The first step in statutory construction, therefore, is to look at the literal text of the statute in question and attempt to discern the meaning of the text when the legislature enacted the law. Ibid. If the plain meaning of the statutory text, in light of the established canons of construction, should have been plain to the legislators who voted on it, we ordinarily give effect to that plain meaning. Ibid. If the meaning of the language is clear, we do not look beyond the words of the statute to extratextual sources to interpret it. Ibid.

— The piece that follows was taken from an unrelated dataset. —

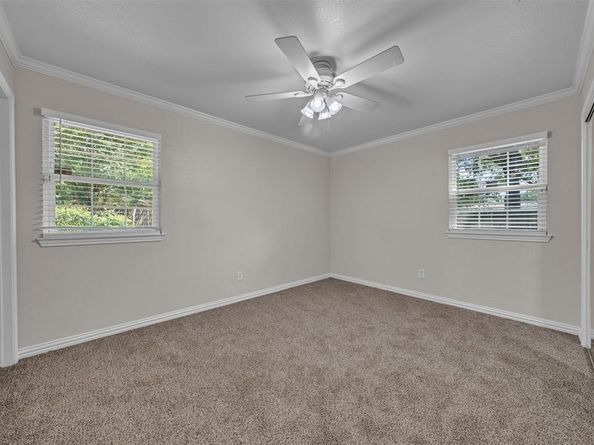 1801  Anderson Street , Irving Texas 75062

The exception to the general rule comes into play when applying the statute's plain meaning would lead to an absurd result that the legislature could not possibly have intended. In that case, we should not apply the language literally. Ibid. This limited exception does not intrude on the legislature's constitutionally granted authority to enact laws; we assume that the legislature would not intend an absurd result. Ibid.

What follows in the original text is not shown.